What you should do =>
Scan the records for "Sweatshirt". Show the matching lines.

Information =>
Content starts
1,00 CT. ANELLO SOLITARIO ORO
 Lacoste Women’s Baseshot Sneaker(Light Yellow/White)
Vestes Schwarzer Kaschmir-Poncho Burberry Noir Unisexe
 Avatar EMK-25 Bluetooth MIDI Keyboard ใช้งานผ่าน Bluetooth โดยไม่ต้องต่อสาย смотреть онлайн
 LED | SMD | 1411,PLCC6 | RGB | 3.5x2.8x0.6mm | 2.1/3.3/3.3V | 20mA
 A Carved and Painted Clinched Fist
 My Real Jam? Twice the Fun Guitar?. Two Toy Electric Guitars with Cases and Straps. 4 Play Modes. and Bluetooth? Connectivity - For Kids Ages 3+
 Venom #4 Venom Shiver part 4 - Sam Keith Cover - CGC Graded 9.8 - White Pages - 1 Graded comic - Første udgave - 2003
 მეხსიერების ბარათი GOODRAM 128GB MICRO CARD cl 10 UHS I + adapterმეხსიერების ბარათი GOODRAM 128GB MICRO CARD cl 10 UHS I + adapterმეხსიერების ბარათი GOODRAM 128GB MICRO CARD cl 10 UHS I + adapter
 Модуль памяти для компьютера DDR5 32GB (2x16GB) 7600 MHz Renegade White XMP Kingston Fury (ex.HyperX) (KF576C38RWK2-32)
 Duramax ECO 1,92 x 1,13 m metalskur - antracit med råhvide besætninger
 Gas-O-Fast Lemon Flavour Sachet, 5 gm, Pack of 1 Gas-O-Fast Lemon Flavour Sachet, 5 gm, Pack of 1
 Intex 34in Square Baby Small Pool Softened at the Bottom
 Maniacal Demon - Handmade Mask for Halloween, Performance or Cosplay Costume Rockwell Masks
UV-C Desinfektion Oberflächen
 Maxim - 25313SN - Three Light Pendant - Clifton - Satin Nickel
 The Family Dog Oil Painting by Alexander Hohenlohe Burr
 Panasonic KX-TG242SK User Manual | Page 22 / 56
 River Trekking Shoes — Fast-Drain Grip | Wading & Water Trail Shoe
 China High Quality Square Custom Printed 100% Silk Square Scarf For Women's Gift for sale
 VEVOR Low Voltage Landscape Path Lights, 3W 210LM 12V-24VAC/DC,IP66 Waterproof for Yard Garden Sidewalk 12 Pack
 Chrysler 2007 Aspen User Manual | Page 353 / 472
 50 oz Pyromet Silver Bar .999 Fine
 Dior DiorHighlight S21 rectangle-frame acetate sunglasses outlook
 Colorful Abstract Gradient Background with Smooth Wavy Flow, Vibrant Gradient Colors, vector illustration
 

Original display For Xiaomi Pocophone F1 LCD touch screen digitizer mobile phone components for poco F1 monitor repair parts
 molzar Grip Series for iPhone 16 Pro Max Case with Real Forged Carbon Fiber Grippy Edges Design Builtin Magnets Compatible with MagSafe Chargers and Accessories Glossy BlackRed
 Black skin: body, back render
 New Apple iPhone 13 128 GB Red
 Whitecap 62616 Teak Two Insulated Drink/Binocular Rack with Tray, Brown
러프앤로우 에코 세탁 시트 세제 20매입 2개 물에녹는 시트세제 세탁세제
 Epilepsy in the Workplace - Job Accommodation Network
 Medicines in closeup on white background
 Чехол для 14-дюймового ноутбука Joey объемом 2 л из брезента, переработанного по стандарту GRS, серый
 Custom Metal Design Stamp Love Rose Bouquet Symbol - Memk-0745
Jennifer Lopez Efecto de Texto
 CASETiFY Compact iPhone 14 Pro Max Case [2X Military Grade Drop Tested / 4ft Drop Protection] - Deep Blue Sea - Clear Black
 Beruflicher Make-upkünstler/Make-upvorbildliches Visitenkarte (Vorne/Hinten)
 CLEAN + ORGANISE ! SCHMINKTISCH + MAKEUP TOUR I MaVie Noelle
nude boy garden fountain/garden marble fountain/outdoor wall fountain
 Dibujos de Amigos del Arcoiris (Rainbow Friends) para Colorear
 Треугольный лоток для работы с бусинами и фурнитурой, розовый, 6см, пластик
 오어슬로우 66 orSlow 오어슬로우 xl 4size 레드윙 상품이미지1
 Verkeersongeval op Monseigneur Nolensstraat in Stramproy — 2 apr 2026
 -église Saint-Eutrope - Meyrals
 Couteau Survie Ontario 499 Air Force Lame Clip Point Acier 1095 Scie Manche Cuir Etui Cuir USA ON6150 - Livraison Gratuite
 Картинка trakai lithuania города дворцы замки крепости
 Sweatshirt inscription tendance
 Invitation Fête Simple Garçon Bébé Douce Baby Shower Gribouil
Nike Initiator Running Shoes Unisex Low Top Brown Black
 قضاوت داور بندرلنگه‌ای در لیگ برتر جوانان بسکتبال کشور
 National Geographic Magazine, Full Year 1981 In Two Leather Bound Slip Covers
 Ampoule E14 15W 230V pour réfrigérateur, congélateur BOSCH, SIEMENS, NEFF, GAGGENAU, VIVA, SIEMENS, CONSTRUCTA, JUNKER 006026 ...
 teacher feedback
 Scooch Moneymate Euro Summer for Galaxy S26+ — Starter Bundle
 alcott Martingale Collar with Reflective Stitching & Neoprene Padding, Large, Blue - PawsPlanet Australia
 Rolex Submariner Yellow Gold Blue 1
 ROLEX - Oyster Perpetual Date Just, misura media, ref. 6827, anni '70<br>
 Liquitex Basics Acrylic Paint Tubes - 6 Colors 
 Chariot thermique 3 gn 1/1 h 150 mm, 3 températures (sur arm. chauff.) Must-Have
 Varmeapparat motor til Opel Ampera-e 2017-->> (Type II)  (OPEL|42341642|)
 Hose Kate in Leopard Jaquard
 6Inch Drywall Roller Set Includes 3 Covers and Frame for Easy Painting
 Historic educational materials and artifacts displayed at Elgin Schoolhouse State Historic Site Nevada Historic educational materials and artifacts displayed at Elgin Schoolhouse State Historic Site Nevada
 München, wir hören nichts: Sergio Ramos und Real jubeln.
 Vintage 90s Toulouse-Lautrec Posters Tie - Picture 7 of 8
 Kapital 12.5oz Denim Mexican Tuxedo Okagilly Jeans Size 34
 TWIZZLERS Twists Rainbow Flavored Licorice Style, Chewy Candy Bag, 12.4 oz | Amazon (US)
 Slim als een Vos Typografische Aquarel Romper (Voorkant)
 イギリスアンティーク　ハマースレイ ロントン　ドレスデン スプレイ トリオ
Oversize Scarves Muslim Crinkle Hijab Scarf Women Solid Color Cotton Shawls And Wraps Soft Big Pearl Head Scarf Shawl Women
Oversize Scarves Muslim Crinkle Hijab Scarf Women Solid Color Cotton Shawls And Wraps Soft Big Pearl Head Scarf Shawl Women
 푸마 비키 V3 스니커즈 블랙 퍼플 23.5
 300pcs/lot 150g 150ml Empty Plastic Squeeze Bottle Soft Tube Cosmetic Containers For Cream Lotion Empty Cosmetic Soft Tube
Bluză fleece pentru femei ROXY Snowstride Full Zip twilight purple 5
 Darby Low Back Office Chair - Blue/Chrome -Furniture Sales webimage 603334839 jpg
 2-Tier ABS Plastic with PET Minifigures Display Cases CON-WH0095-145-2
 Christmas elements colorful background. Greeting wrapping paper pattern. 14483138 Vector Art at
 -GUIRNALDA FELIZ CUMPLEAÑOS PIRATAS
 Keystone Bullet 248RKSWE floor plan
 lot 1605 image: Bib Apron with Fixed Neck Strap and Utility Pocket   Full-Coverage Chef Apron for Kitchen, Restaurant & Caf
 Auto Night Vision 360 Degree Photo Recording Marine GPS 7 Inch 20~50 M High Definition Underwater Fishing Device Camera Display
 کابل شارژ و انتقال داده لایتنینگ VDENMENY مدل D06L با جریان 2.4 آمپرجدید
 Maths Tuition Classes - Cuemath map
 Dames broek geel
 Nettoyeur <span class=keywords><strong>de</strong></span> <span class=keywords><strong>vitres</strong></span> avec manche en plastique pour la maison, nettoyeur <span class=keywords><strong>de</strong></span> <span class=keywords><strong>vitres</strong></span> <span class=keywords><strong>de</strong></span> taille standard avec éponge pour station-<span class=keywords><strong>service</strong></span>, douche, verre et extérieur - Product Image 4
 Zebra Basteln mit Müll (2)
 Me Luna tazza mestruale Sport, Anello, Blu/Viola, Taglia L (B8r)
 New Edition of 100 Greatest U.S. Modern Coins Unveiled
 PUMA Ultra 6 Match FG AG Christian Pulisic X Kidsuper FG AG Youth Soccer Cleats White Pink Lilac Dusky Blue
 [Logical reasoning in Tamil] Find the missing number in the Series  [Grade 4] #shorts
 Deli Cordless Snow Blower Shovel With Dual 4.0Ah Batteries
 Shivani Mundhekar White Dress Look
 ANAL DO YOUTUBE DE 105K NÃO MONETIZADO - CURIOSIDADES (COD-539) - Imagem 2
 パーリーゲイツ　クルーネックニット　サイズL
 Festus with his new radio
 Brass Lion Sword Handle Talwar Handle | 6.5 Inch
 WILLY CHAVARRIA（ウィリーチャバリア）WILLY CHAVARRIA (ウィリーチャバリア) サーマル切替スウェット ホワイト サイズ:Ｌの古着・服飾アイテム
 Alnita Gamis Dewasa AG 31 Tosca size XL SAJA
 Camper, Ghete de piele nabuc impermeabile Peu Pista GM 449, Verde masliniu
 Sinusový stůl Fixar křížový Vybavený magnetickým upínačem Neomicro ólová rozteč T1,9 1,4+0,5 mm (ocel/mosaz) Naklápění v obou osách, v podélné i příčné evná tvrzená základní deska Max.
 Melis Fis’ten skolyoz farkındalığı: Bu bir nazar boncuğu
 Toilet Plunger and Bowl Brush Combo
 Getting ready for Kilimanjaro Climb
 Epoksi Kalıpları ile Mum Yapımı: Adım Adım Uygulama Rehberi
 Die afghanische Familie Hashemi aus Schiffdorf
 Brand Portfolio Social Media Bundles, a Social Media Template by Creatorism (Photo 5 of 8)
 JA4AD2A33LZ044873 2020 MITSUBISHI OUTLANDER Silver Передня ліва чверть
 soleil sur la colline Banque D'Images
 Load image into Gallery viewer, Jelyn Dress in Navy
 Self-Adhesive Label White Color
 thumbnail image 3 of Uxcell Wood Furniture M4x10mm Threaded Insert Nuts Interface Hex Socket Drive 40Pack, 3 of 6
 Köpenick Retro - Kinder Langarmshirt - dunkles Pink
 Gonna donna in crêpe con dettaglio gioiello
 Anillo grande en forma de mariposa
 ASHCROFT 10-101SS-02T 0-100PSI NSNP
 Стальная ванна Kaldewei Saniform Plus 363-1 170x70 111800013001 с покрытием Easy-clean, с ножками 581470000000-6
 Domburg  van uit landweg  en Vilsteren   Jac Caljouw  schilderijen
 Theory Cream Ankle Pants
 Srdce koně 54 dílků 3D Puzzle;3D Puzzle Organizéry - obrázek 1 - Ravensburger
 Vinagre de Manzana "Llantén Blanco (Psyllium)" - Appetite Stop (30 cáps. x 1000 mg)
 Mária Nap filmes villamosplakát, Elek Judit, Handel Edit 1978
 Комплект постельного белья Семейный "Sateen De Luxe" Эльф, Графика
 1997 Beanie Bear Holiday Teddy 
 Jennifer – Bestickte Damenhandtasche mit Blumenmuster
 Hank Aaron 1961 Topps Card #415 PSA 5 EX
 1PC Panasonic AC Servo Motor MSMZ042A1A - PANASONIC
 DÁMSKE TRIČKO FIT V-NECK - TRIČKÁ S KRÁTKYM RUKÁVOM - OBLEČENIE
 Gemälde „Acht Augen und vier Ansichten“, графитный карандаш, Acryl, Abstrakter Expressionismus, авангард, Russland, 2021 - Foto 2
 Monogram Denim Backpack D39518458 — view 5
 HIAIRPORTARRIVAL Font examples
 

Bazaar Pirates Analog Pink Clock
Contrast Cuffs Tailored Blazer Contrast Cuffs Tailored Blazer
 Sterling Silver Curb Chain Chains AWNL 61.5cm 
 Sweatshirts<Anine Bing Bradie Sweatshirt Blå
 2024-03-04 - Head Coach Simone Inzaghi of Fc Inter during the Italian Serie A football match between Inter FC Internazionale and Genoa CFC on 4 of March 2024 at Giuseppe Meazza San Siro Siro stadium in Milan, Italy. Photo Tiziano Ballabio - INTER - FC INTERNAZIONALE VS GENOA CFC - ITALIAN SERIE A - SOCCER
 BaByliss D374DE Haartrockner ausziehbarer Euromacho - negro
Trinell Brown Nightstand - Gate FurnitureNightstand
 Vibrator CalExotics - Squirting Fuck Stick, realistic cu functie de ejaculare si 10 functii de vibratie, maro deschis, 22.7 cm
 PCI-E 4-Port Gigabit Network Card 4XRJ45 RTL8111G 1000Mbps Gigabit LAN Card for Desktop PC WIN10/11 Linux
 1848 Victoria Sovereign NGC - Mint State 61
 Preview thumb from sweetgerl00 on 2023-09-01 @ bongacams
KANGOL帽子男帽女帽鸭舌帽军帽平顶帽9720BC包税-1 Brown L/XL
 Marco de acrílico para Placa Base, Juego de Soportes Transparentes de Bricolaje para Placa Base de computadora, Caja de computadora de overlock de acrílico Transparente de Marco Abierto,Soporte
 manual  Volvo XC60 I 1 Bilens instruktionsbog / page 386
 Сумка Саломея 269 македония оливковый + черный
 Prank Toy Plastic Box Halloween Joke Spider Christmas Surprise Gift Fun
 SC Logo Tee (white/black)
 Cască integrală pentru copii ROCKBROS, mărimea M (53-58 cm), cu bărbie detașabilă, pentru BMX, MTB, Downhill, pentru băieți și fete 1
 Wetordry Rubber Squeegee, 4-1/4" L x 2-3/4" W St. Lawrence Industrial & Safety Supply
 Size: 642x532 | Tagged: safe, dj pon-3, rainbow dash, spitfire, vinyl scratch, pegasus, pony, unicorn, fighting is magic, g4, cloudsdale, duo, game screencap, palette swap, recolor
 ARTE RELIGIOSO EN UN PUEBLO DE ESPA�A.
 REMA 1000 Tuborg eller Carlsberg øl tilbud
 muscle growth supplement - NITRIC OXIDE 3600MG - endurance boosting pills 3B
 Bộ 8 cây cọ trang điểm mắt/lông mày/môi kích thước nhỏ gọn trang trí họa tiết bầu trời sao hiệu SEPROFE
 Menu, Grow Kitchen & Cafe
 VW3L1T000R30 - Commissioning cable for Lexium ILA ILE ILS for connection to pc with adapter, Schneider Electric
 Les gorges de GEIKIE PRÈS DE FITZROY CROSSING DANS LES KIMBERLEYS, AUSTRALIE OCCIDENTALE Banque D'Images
Content ends
Solution to this problem =>
 Sweatshirt inscription tendance
 Sweatshirts<Anine Bing Bradie Sweatshirt Blå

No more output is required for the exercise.